Data extracted from a collection
··········
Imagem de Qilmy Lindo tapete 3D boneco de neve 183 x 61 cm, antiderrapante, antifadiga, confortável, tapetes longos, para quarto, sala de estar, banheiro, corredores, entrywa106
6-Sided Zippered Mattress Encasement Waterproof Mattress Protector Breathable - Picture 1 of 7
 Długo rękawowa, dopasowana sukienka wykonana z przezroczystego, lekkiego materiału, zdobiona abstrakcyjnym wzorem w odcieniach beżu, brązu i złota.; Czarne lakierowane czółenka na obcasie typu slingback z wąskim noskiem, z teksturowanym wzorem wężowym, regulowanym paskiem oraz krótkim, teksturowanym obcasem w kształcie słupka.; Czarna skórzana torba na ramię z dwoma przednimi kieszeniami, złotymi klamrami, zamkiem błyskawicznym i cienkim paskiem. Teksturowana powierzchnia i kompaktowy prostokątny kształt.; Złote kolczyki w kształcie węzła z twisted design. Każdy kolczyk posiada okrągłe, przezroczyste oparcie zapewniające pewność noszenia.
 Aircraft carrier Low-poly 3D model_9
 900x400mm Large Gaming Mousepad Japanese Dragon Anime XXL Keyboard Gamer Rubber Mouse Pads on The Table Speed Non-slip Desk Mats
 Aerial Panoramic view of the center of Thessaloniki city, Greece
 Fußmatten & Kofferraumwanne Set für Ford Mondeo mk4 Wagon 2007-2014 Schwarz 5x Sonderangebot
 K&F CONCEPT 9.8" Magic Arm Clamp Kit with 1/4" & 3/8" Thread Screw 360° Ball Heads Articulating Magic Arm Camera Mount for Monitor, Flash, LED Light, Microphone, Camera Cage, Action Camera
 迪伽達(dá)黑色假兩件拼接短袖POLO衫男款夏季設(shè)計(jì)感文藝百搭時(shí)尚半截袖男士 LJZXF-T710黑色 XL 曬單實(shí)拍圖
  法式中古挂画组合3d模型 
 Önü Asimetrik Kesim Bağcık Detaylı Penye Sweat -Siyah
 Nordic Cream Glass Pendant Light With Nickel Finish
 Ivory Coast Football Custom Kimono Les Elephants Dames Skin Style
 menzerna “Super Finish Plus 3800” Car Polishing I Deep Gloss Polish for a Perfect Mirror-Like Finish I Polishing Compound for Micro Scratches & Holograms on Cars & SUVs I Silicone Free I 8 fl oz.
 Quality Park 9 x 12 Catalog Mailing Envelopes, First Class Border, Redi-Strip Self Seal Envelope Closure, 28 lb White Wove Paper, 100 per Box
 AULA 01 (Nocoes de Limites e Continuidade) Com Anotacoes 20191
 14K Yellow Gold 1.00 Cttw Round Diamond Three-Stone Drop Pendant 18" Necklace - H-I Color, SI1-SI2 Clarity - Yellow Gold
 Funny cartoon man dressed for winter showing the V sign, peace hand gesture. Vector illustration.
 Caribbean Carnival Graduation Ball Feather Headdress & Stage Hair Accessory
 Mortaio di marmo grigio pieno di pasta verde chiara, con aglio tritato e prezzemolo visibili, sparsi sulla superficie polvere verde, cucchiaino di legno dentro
··········
| REQUIRED WORK |
Nothing in the records may change. Print all of them.

| REPLY TO THE TASK |
Imagem de Qilmy Lindo tapete 3D boneco de neve 183 x 61 cm, antiderrapante, antifadiga, confortável, tapetes longos, para quarto, sala de estar, banheiro, corredores, entrywa106
6-Sided Zippered Mattress Encasement Waterproof Mattress Protector Breathable - Picture 1 of 7
 Długo rękawowa, dopasowana sukienka wykonana z przezroczystego, lekkiego materiału, zdobiona abstrakcyjnym wzorem w odcieniach beżu, brązu i złota.; Czarne lakierowane czółenka na obcasie typu slingback z wąskim noskiem, z teksturowanym wzorem wężowym, regulowanym paskiem oraz krótkim, teksturowanym obcasem w kształcie słupka.; Czarna skórzana torba na ramię z dwoma przednimi kieszeniami, złotymi klamrami, zamkiem błyskawicznym i cienkim paskiem. Teksturowana powierzchnia i kompaktowy prostokątny kształt.; Złote kolczyki w kształcie węzła z twisted design. Każdy kolczyk posiada okrągłe, przezroczyste oparcie zapewniające pewność noszenia.
 Aircraft carrier Low-poly 3D model_9
 900x400mm Large Gaming Mousepad Japanese Dragon Anime XXL Keyboard Gamer Rubber Mouse Pads on The Table Speed Non-slip Desk Mats
 Aerial Panoramic view of the center of Thessaloniki city, Greece
 Fußmatten & Kofferraumwanne Set für Ford Mondeo mk4 Wagon 2007-2014 Schwarz 5x Sonderangebot
 K&F CONCEPT 9.8" Magic Arm Clamp Kit with 1/4" & 3/8" Thread Screw 360° Ball Heads Articulating Magic Arm Camera Mount for Monitor, Flash, LED Light, Microphone, Camera Cage, Action Camera
 迪伽達(dá)黑色假兩件拼接短袖POLO衫男款夏季設(shè)計(jì)感文藝百搭時(shí)尚半截袖男士 LJZXF-T710黑色 XL 曬單實(shí)拍圖
  法式中古挂画组合3d模型 
 Önü Asimetrik Kesim Bağcık Detaylı Penye Sweat -Siyah
 Nordic Cream Glass Pendant Light With Nickel Finish
 Ivory Coast Football Custom Kimono Les Elephants Dames Skin Style
 menzerna “Super Finish Plus 3800” Car Polishing I Deep Gloss Polish for a Perfect Mirror-Like Finish I Polishing Compound for Micro Scratches & Holograms on Cars & SUVs I Silicone Free I 8 fl oz.
 Quality Park 9 x 12 Catalog Mailing Envelopes, First Class Border, Redi-Strip Self Seal Envelope Closure, 28 lb White Wove Paper, 100 per Box
 AULA 01 (Nocoes de Limites e Continuidade) Com Anotacoes 20191
 14K Yellow Gold 1.00 Cttw Round Diamond Three-Stone Drop Pendant 18" Necklace - H-I Color, SI1-SI2 Clarity - Yellow Gold
 Funny cartoon man dressed for winter showing the V sign, peace hand gesture. Vector illustration.
 Caribbean Carnival Graduation Ball Feather Headdress & Stage Hair Accessory
 Mortaio di marmo grigio pieno di pasta verde chiara, con aglio tritato e prezzemolo visibili, sparsi sulla superficie polvere verde, cucchiaino di legno dentro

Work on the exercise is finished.